Oltretutto i pezzi sono arricchiti, sono più pieni, acquistano una dimensione diversa dal disco, prendono vita, corpo e anima, diventano enormi e riempiono ogni spazio (purtroppo la pioggia non li ha aiutati a riempirlo) dell’Alcatraz e (concedetemi il sentimentalismo) ogni cuore presente in sala.

Per quanto riguarda la setlist e lo sviluppo del concerto, in questo caso vincono i BOH.

Bon Iver ha lo svantaggio di avere solo due dischi all’attivo, ma onestamente (nonostante sia stato un gran concerto) verso la metà qualche sbadiglio di troppo me l’ha strappato. Poi comunque si è ripreso alla grande sul finale, ma non ha cancellato il ricordo di quel calo, come invece mi accade di solito se il finale è in crescendo.

I BOH sono stati un flusso di emozioni continuo, non hanno mai perso un colpo, nonostante la ventina di pezzi in scaletta, non hanno mai avuto un calo, un pezzo che non rendeva al meglio, un errore, niente di niente. Sempre alla grande, un grande concerto suonato a bomba per tutta la sua durata.

In conclusione il concerto di Bon Iver è stato un grandissimo concerto, spettacolare, un vero piacere per le orecchie e un grande insegnamento per quel che mi riguarda dal punto di vista della produzione e arrangiamento dei pezzi. Lui è un artista gigantesco, con delle idee che sono fra le più originali e belle degli ultimi anni. Però non è riuscito a regalare quelle grandi emozioni che i suoi pezzi sono sicuramente in grado di dare. Finito il concerto non mi ha lasciato l’onda lunga che ti fa venir voglia di parlarne di sentirne ancora, di dire “non vedo l’ora che torni”.

Quello dei Band of Horses, è stato cuore e sincerità allo stato liquido, vedendoli e sentendoli sul palco arrivi a volergli bene per come si danno, per le risate e i sorrisi che si cambiano, per l’assenza assoluta di atteggiamenti artefatti, per come si divertono e per come riescono a trasmettere questo loro piacere di suonare insieme al pubblico.

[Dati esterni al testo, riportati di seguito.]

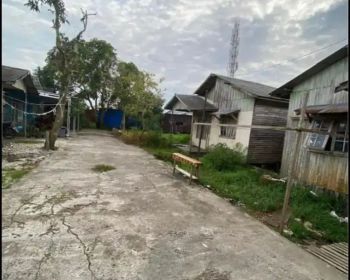 DIJUAL TANAH YANG DIATASNYA ADA 2 BANGUNAN RUMAH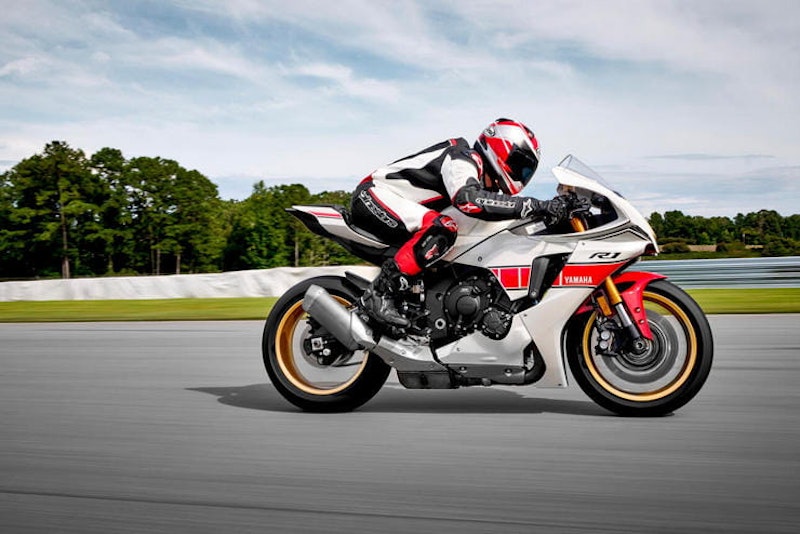 Yamaha reveals 2022 R-series range anniversary colours_06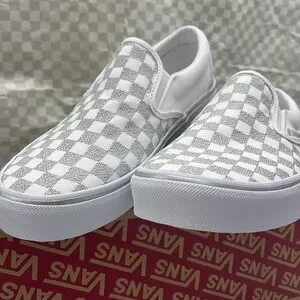 Vans Men’s Checkered Classic Slip-On Sneakers 
Metallic True White
VN000CT5W00 Vans Classic Slip-On Checkerboard Shoe in Metallic True White main image 4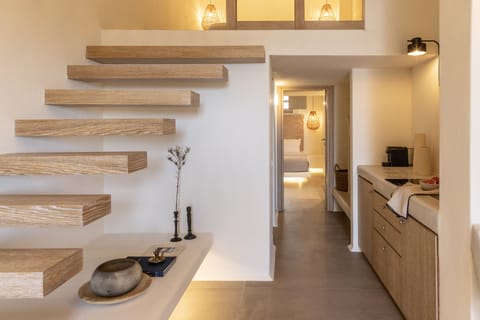 Superior Suite | Living area | 32-inch Smart TV with satellite channels, Netflix, streaming services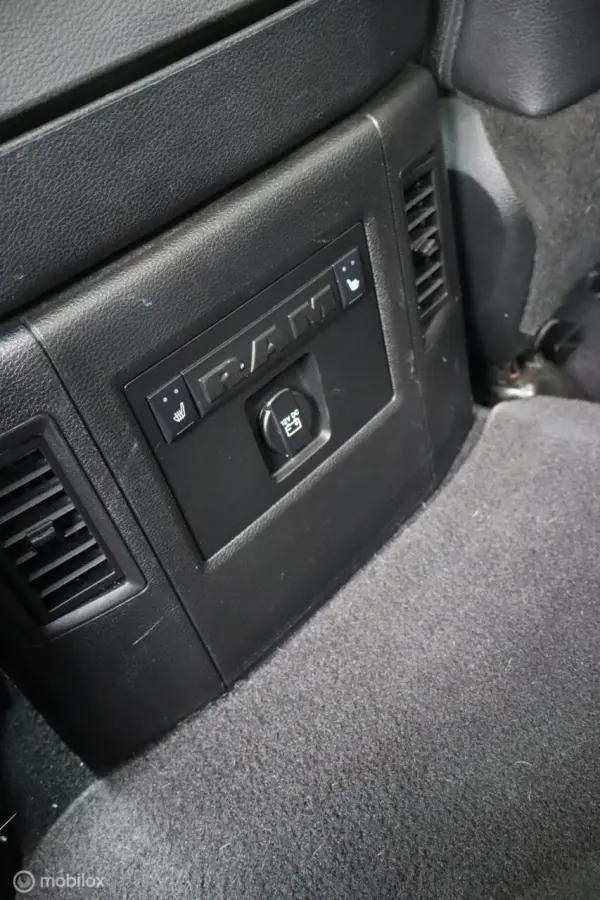 1500 5.7 V8 Crew Cab 5'7 Laramie | VOL OPTIES! |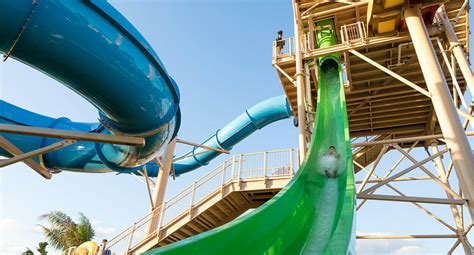 Encore Resort Water Park: Slides, Pools, & Splash Zones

L’onda lunga del loro concerto rimane e anche bella grossa. Nonostante sia la seconda volta che li vedo, tornerò sicuramente anche la prossima volta; perché quello che ti danno è merce sempre più rara  e bisogna fare scorta ogni volta che ce n’è possibilità.

Il loro concerto è tutto racchiuso nelle parole dette da Ben Bridwell prima di iniziare a suonare “We are Band of Horses and this is Music”. Niente di più semplice, niente di più sincero, niente di più bello.